From The Sunday Times, 23 July 2000
http://www.the-times.co.uk/news/pages/Sunday-Times/frontpage.html

A group of scientists known in government circles as "The X Files
committee" has warned that the Earth is overdue for an asteroid strike
serious enough to wipe out 10% of its population.

Lord Sainsbury, the science minister, is studying the report by the Near
earth Objects Taskforce and is expected to announce its findings within
days. It calls for international co-operation to track asteroids and
comets likely to cross the Earth's orbit.

The report says the risk of death is about the same as from an aircraft
crash and similar to a terrestrial accident such as a nuclear reactor
meltdown. Although strikes are rare, the damage inflicted by a single
hit could be enormous.

If an asteroid 1km wide landed in the Atlantic Ocean, it would destroy
most European coastal cities and swamp parts of Britain in a tidal wave.
If it struck land, it could kill millions and throw up a dust cloud that
could create and artificial winter lasting years.

An asteroid of that size is likely to hit Earth once every 100,000
years. According to the task force there has been no strike for at least
that time.

Scientists at the government's atomic weapons establishment at
Aldermaston are devising ways to attack asteroids with nuclear weapons
to deflect them. Britain is expected to collaborate with its European
partners to devise a system whereby a series of warheads could be
launched if necessary.

Dr Nigel Holloway, a senior scientist at Aldermaston who advised the
taskforce, said there was growing acceptance in government of the need
for countermeasures.

"For a 1-2km asteroid you would use warheads equal to about 100,000
Hiroshimas," he said. "There are disadvantages of trying to do it with
one big shot because some of these asteroids are rather fragile. What
you don't want to end up with is buckshot, because you have no hope of
deflecting that. So you make a devise to 'flash' the asteroid on one
side with an intense burst of neutron radiation and blow some of the
surface off to achieve the deflection."

According to well-placed scientific sources, Nasa has already started
investigating how to detonate such a nuclear warhead with a £ 150m "Near
Earth Asteroid" probe.

Lembit Opik, Liberal Democrat MP for Montgomeryshire, whose grandfather
was an astronomer specialising in cosmic impacts, said: "It is not a
question of whether an extinction-level will occur, it is when. Each of
us is 750 times more likely to be killed by an asteroid strike than to
win the national lottery this weekend."

A 50-metre-wide asteroid that exploded in the air above Siberia in 1908
destroyed vast areas of forest and caused a dust cloud 10km high that
affected the climate for years (sic!).

A similar event over central London could kill 7m people and lay waste
to an area extending outwards as far as the M25.

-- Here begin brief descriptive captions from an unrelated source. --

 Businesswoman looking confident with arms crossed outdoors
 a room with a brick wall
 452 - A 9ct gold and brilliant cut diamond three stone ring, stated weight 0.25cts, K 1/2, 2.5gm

Dr Harry Atkinson, who chaired the taskforce, declined to comment on the
findings. The warnings of the report are uncannily similar to the plots
of the two recent Hollywood films, Armageddon and Deep Impact.

When he set up the committee, Sainsbury said: "We cannot ignore the
risk, however remote, and a case can be made for monitoring the
situation on an international basis."